Traduction par René Auscher.
Hachette & Cie (p. 121-124).


RÉFLEXIONS D’UN SKIEUR PSYCHOLOGUE


Les skis ne sont pas précisément ce qu’on appelle les planches, mais on joue passablement la comédie sur eux.

Who can, does ; who cannot, teaches ”, dit le spirituel Bernard Shaw, ce qui peut se traduire dans le langage du ski : Un bon skieur se tait et va de l’avant, un mauvais skieur donne constamment des conseils aux autres.

Tu souris quand tu vois quelqu’un dans la neige. Combien y a-t-il de temps que tu conduis tes skis à ta guise ?

Si quelqu’un te questionne pour savoir à quelle distance tu sautes, réfléchis bien avant de répondre et demande-toi si seulement tu sais sauter.

Tu es un débutant ? C’est une honte que d’en être honteux.

Si tu veux apprendre quelque chose, tais-toi et regarde.

Celui qui en est à sa première campagne de ski, et qui se reproche sur le terrain d’exercice de ne pouvoir exécuter correctement un saut déterminé, fait preuve de présomption.

« À vrai dire, on devrait d’abord apprendre le Telemark et le Christiania, afin de pouvoir s’arrêter à volonté », disait quelqu’un qui attachait des skis pour la première fois. Certes oui, mais il serait vraiment beaucoup plus utile encore que les enfants naissent en connaissant parfaitement la gymnastique.

Ne demande pas le tremplin de ton voisin, mais, en tous cas, comporte-toi avec ceux d’autrui comme avec leur logement : laisse-les au moins dans le même état que tu les as trouvés.

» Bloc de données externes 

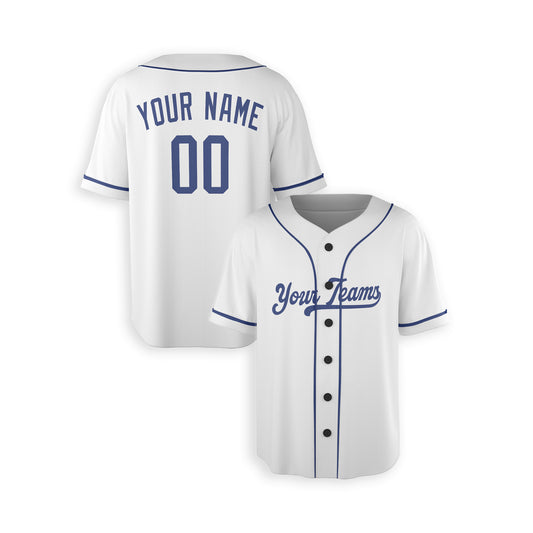 Personalized Los Angeles Fan White Baseball Jersey – Home Style Custom Name & Number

Quelqu’un se présente à vous sur la neige et mentionne tous ses titres. Évitez-le ! Un autre vous dit simplement son nom, mais enchevêtre en même temps l’arrière de ses skis. Méfiez-vous ! Il y a quelqu’un que vous rencontrez souvent et dont vous ne connaissez au bout de quelques jours ni le nom ni la qualité. Peut-être vous trouvez-vous alors en présence d’un personnage tout à fait remarquable.

Mon fils, méfie-toi de ceux qui « aiment tant faire des excursions » et qui désireraient « t’accompagner » si tu « voulais être assez aimable pour y consentir », ils ne te seraient « jamais nulle part à charge ». Ne sois pas trop aimable avec eux, car ils te deviendraient insupportables.

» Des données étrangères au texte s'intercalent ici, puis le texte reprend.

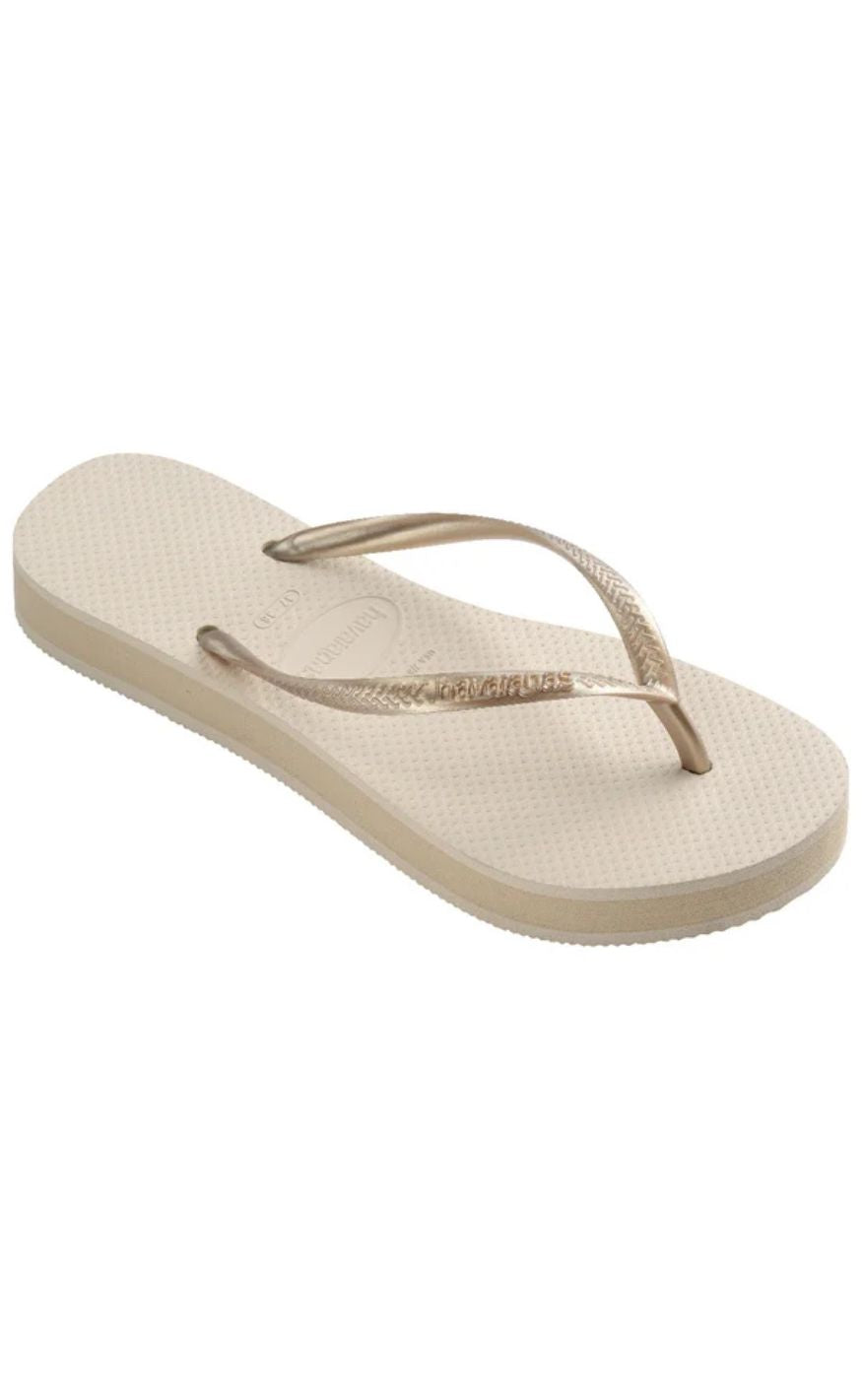 Havaianas Klipklapper / Sandal - Slim Flatform - Beige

Si, en excursion, vous remarquez que votre compagnon est plus faible que vous, ne lui laissez pas apercevoir votre supériorité, mais ne lui laissez pas non plus remarquer votre délicatesse.

Quel temps fera-t-il demain ? Ne répondez jamais à une pareille question, vous pourriez par hasard avoir raison et vous figurer que vous le saviez.

Les gens personnels et les égoïstes sont, en excursion, difficiles à supporter, mais on peut aussi, par une amabilité et une serviabilité exagérées, énerver ses compagnons.

Si vous avez fait une excursion en un temps véritablement très court et dans des conditions défavorables de neige, ne le dites pas. Vous ne pourriez en vouloir à personne de ne pas vous croire, et on a déjà trop inventé sur ce chapitre.

Si vous priez quelqu’un de vous renseigner sur le temps nécessaire pour aller à la gare la plus voisine, partez en avance de la moitié du temps indiqué ; vous aurez encore des chances de manquer le train.

Vous croyez n’être pas vaniteux ? Regardez donc si, quand vous faites vos arrêts, il n’y a pas justement une foule de gens dans le voisinage.

On peut marcher sur une trace très étroite et cependant tenir beaucoup de place.

À table, on a le droit de s’entretenir d’autre chose que du ski.

Le plus souvent, on fait tout beaucoup mieux sur une autre neige.

Il n’est pas impossible d’être un très bon skieur et d’être quand même un gentleman. On peut même être un gentleman sans rien entendre au ski.